I have a 3 years old hp pavilion laptop running Vista Home 32 bit. I have a cable broadband (RJ45) internet connection from a local ISP. I have a fixed IPv4 IP address. Yesterday I was browsing the web when suddenly the connection went dead. 

On pinging the host I am getting the below error message:

PING: transmit failed, error code 1232 

Tried rebooting the laptop, refreshing all settings but no avail. Even the light in the cable jack is not blinking. 

Rebooted in Safe mode with networking. Now pinging shows a new error message. "Destination host unreachable"  back to normal boot, now again Error 1232  also the Network Icon has gone from the system tray. I cant bring it back as the network check box is grayed out now. 

Today morning when I booted the PC again in normal mode it took about 15 minutes to boot up. then Vista showed me a message that "A new PCI device has been detected. Windows need to install driver software for that". 

It asked me to insert the disk which has the driver, but I dont have any such disk.

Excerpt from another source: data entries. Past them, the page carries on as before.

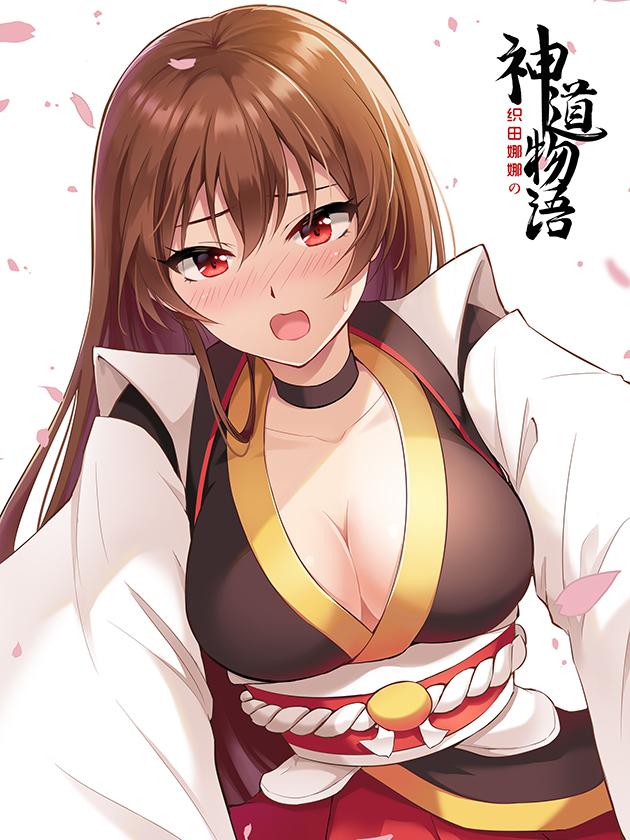 神道物语の织田娜娜海报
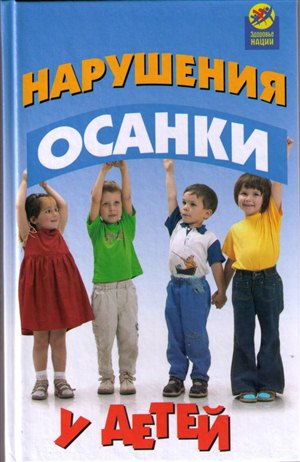 Бодибилдинг россия 2010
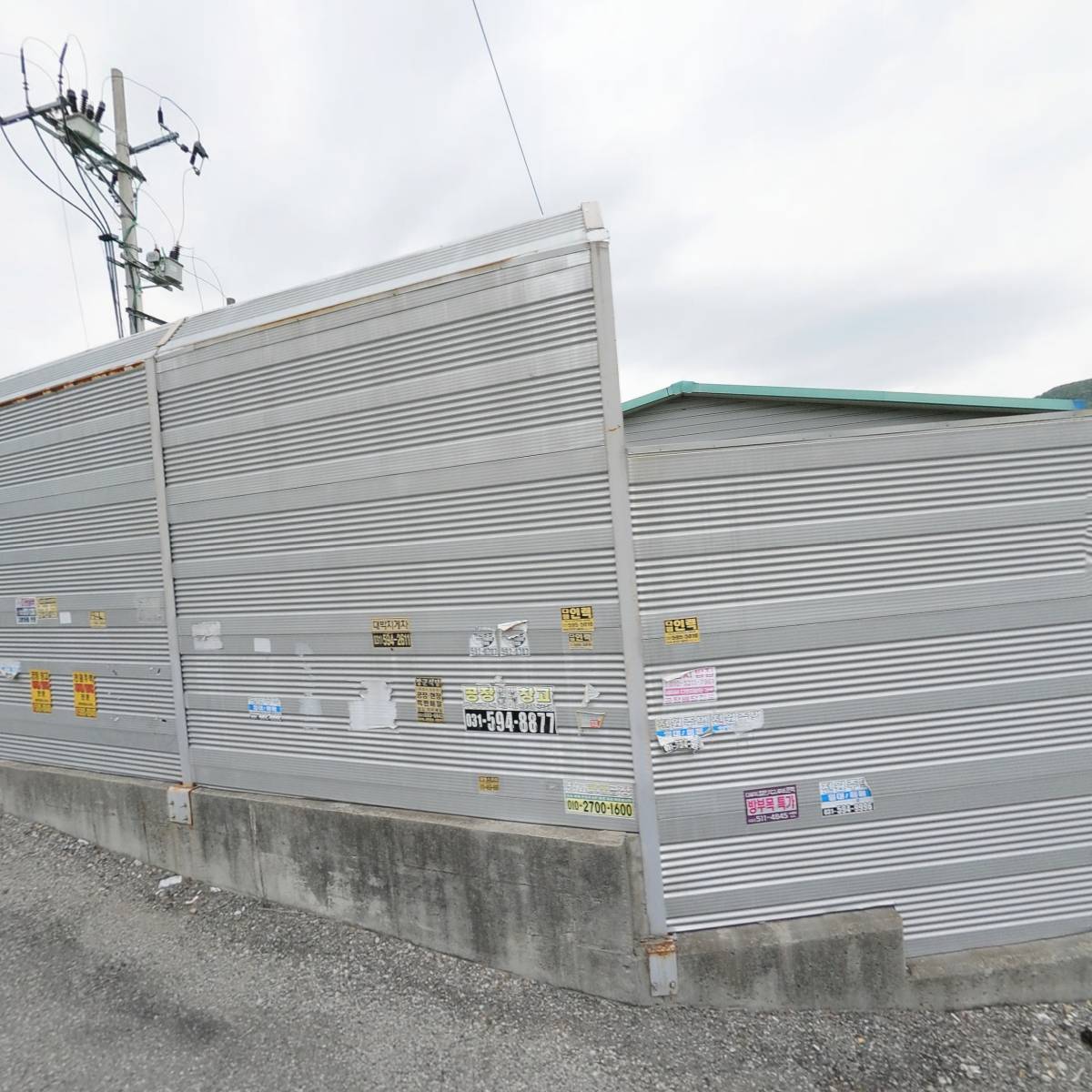 주식회사고려산업_3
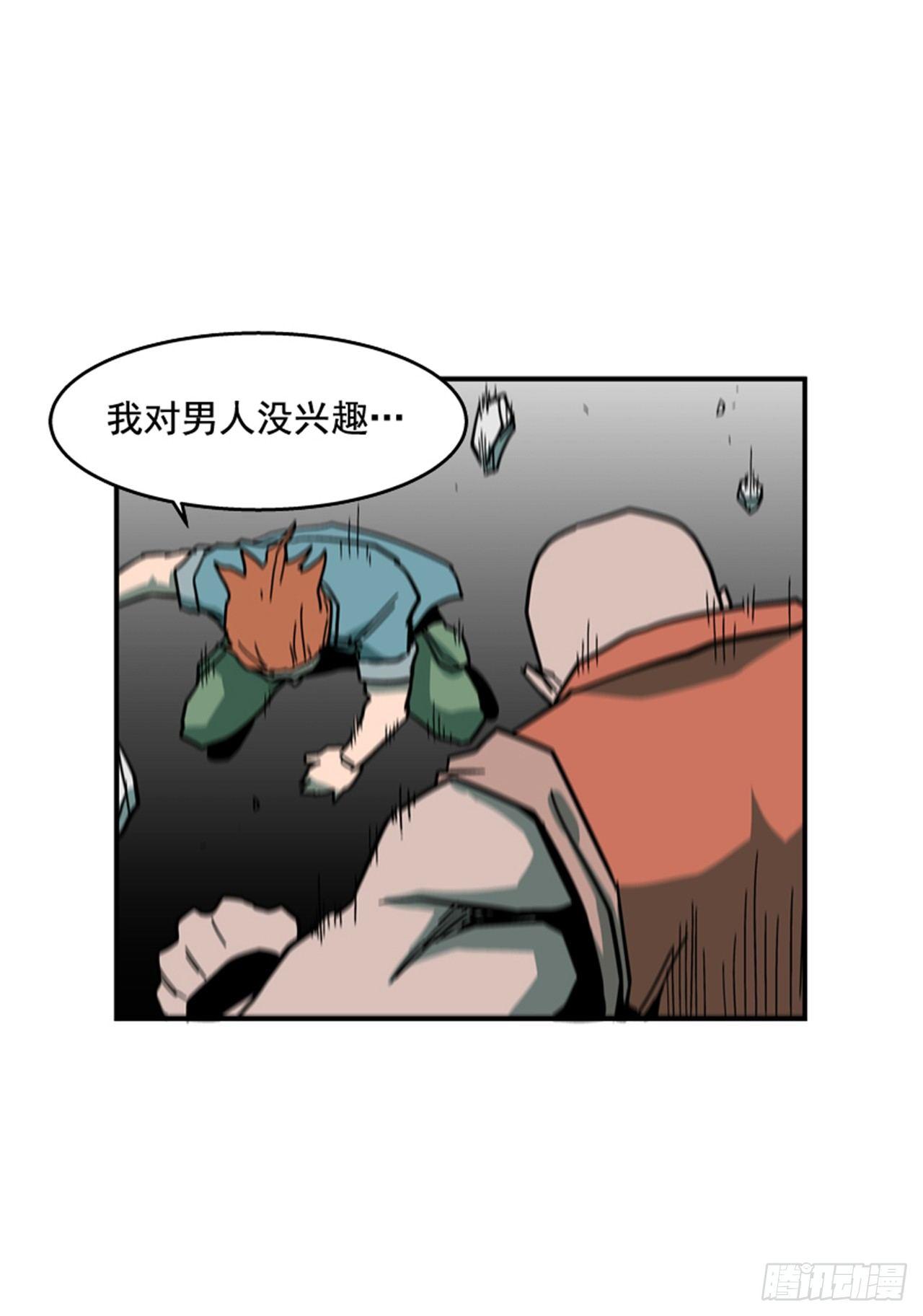 最强一击韩漫全集-55.这是命令无删减无遮挡章节图片 
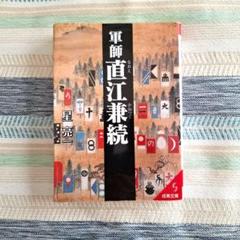 軍師 直江兼続　家康に挑んだ男　星亮一　成美文庫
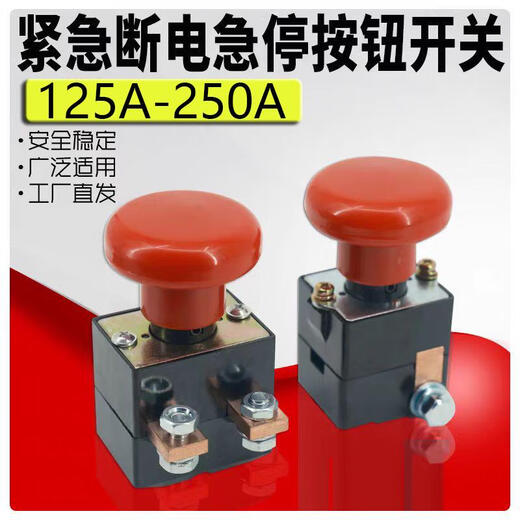 Drei-April-Tiger Kombinierter Strom Zhongli Notstoppschalter DC Notstoppschalter Elektrische Allradgabelstapler Universal 12250A 121 Einheiten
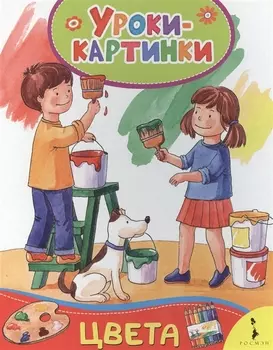 Цвета. Уроки-картинки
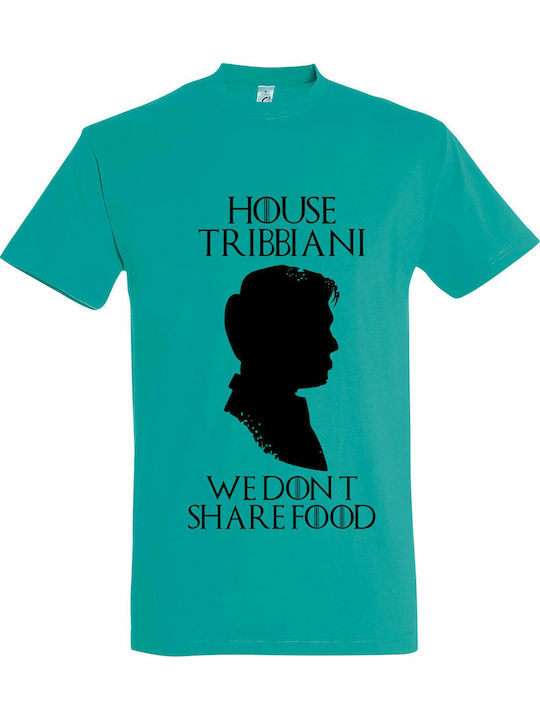 Унисекс T-shirt "house Tribbiani Ние Не Споделя...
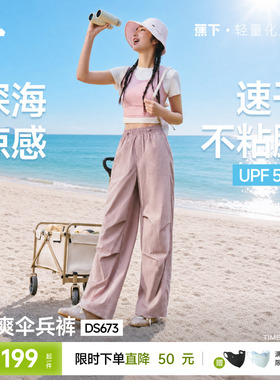 蕉下伞兵裤DS673 女新款降落登山冲锋裤休闲速干运动工装防晒裤子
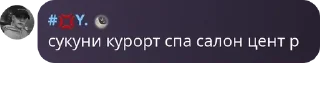 💥 emoji дуры Telegram sticker 22 of 120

I tried to force windows to look into System32 for the driver but it could not find the driver. 

How can I find out whats the problem?


----------



## mithun_mrg (Dec 1, 2011)

^^try a system restore to a day before yesterday or post the exact model of u r laptop u need to re-install the Ethernet driver


----------



## MarveL (Dec 1, 2011)

mithun_mrg said:


> ^^try a system restore to a day before yesterday or post the exact model of u r laptop u need to re-install the Ethernet driver



Thanks, The problem is fixed now  laptop connecting to internet again  
I am not sure what caused the error, but I repaired vista using HP recovery center and everything running fine now


----------



## surajgawande (Dec 2, 2011)

dear frnd u can chaque ur brodband connection line and otherwise u also search drivers on internet


----------